Short web captions |
▼

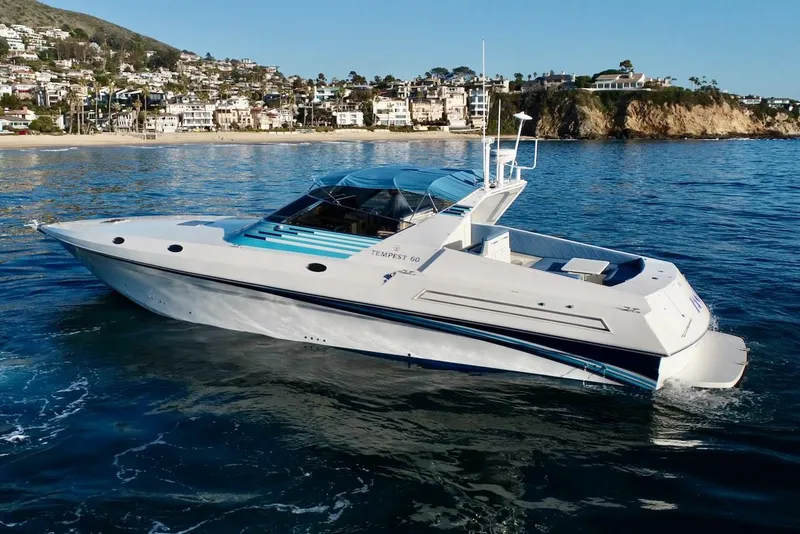 Slide: The Image of 1990 Tempest Offshore Sport Yacht cruising near a coastal town. - 2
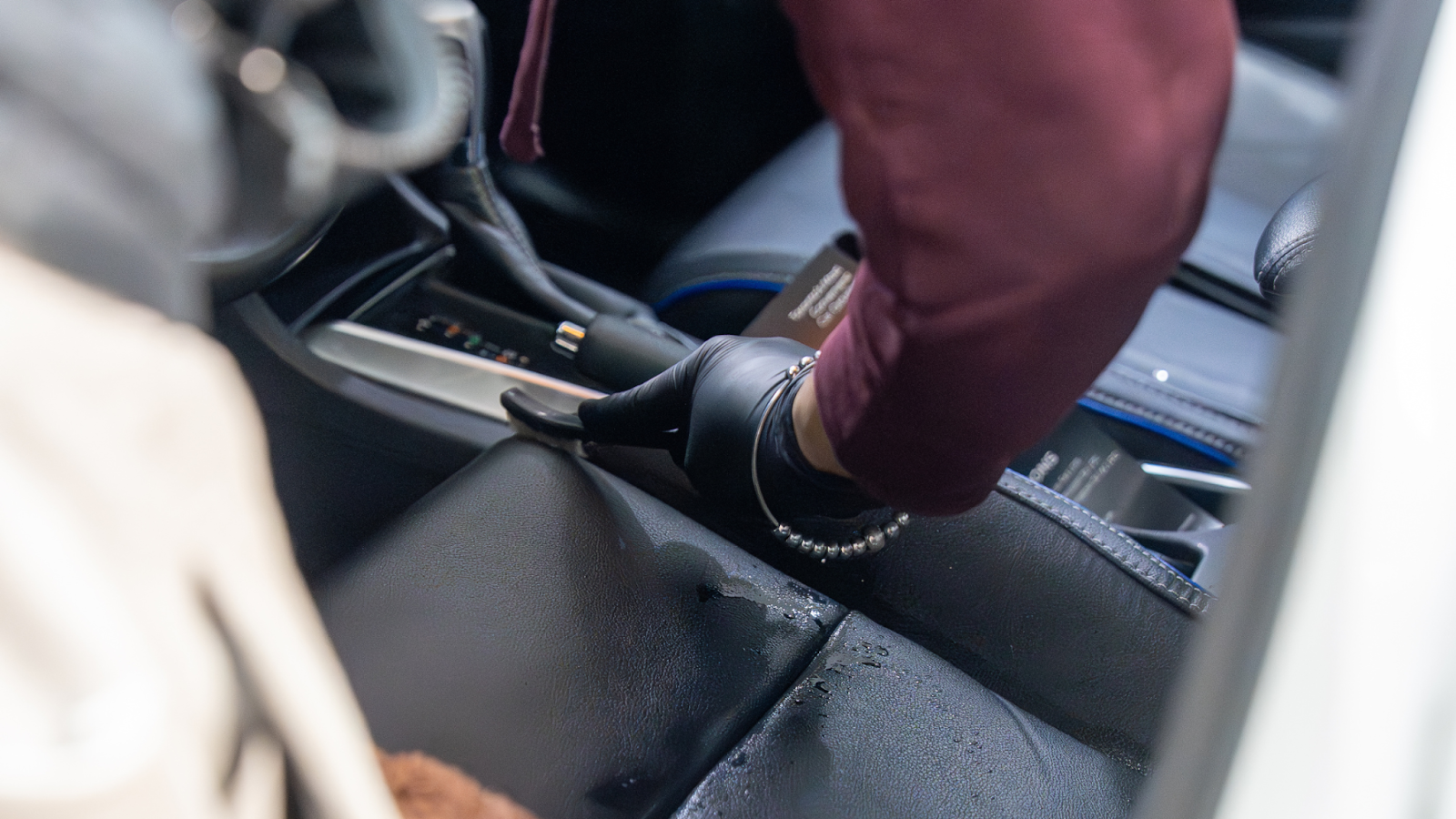 Professional car detailing technician cleaning vehicle interior console with microfiber tool during deep interior car detailing service.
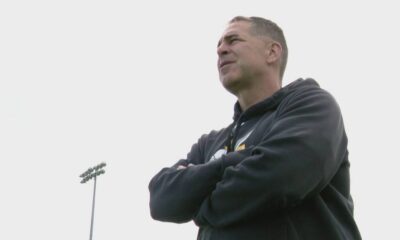 Man in a black hoodie stands with arms crossed on a sports field, looking off into the distance.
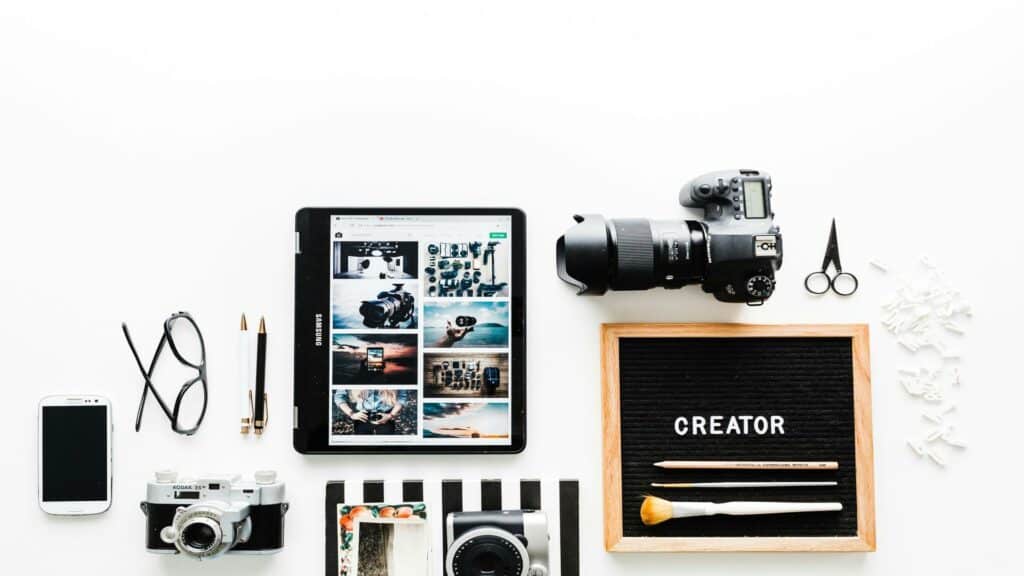 Flat lay of creative tools including cameras, tablet, and accessories for local customer acquisition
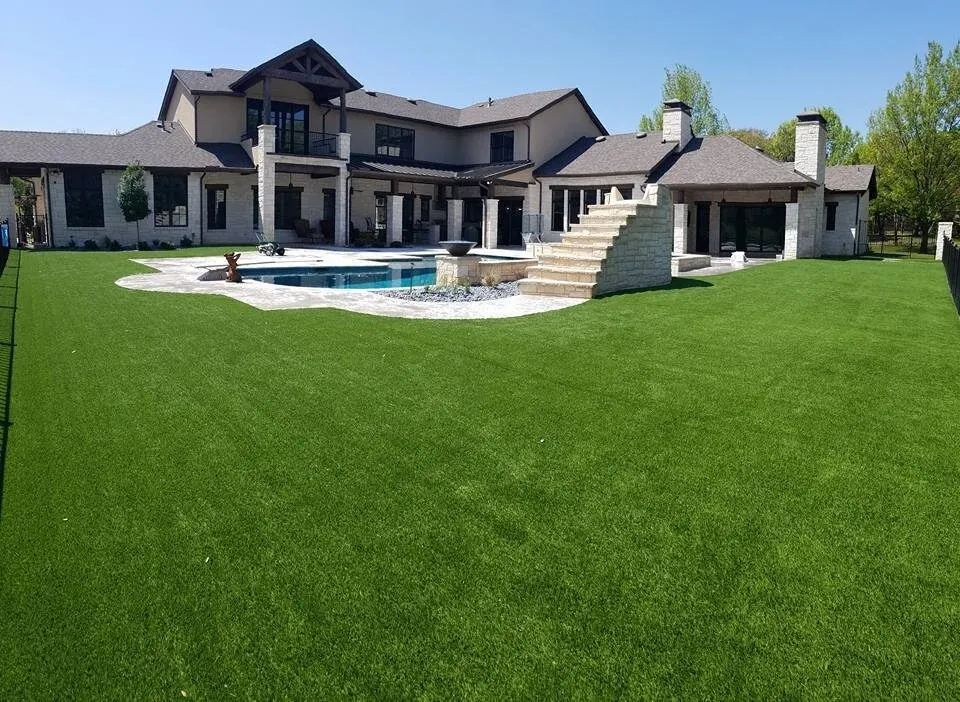 Expansive backyard with artificial grass and modern house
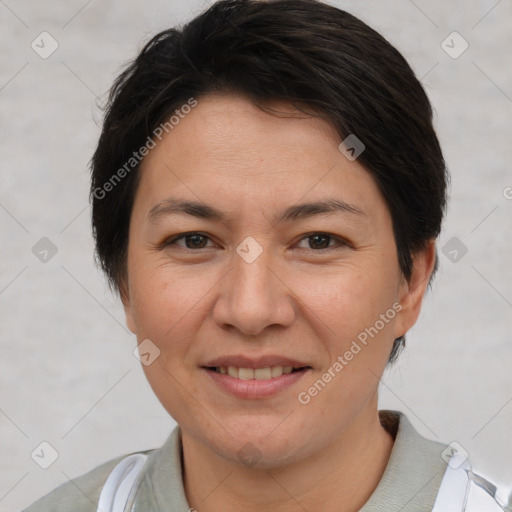 Joyful white adult female with short  brown hair and brown eyes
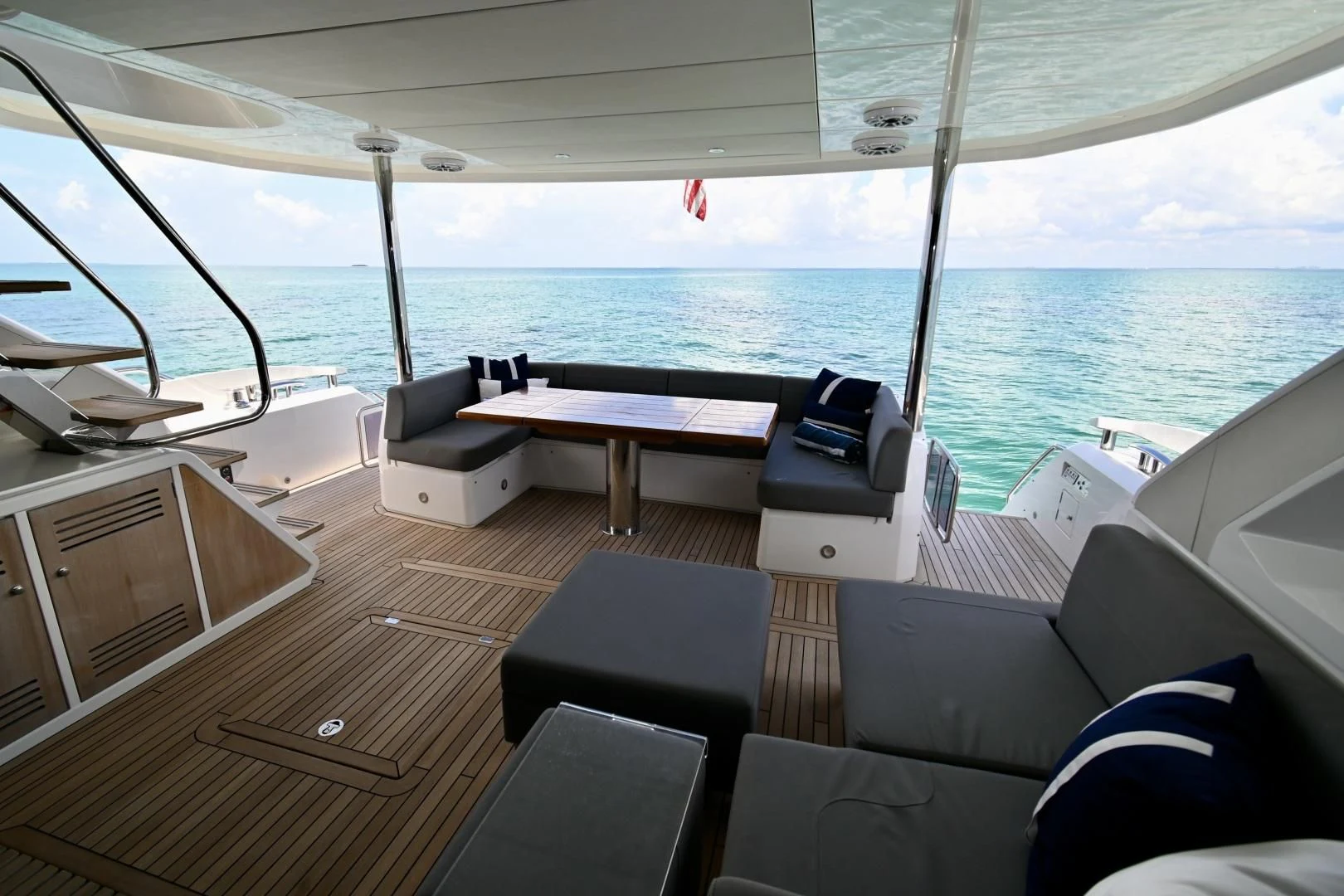 a boat with a table and chairs on it aboard DO IT ANYWAY Yacht for Sale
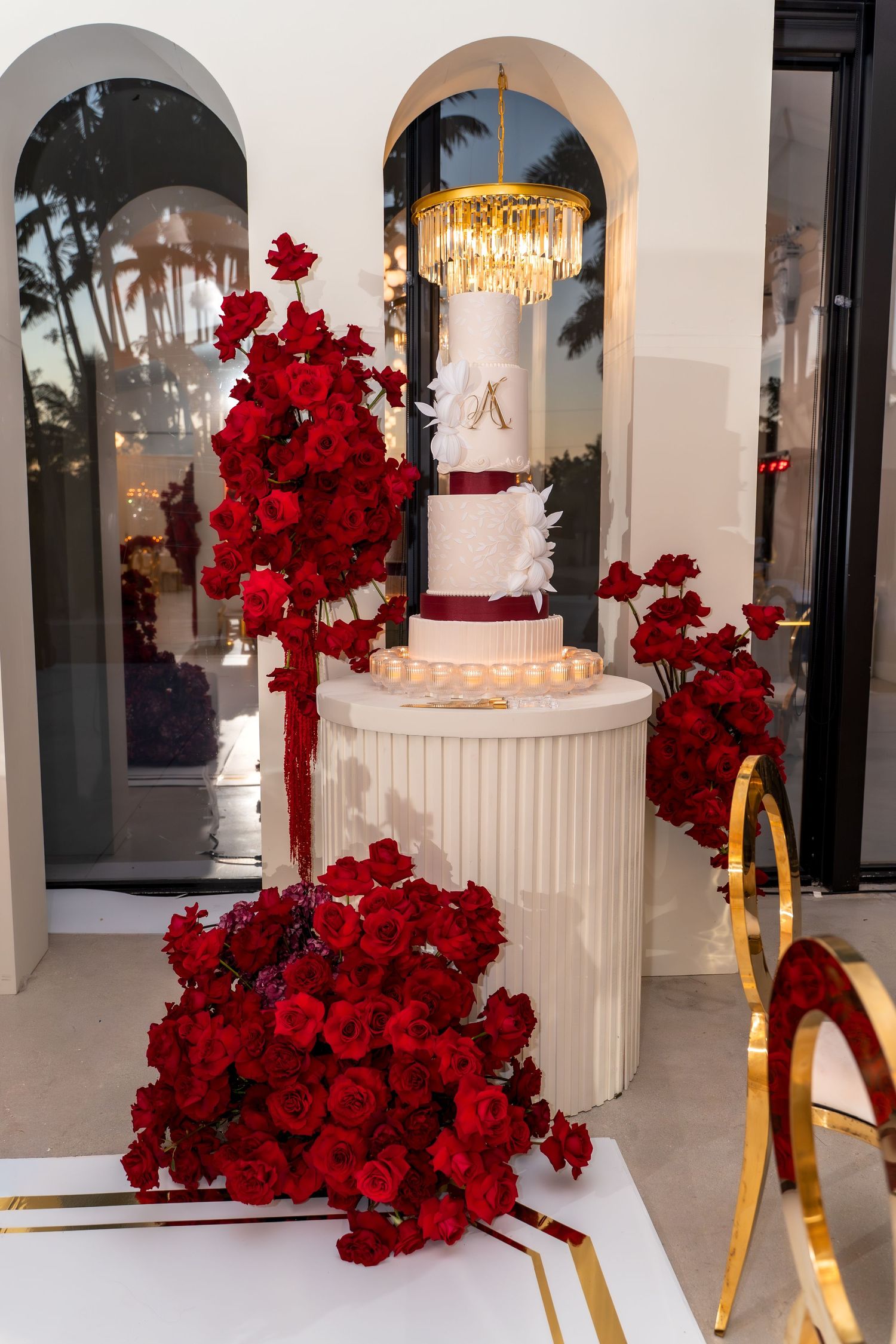 Elegant white wedding cake with red floral arrangements displayed on a pedestal under an arched doorway with chandelier.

▲

WORK TO BE COMPLETED | Please reproduce each entry exactly as given and omit the pictures.

FINISHED EXERCISE |
 Slide: The Image of 1990 Tempest Offshore Sport Yacht cruising near a coastal town. - 2
 Professional car detailing technician cleaning vehicle interior console with microfiber tool during deep interior car detailing service.
 Man in a black hoodie stands with arms crossed on a sports field, looking off into the distance.
 Flat lay of creative tools including cameras, tablet, and accessories for local customer acquisition
 Expansive backyard with artificial grass and modern house
 Joyful white adult female with short  brown hair and brown eyes
 a boat with a table and chairs on it aboard DO IT ANYWAY Yacht for Sale
 Elegant white wedding cake with red floral arrangements displayed on a pedestal under an arched doorway with chandelier.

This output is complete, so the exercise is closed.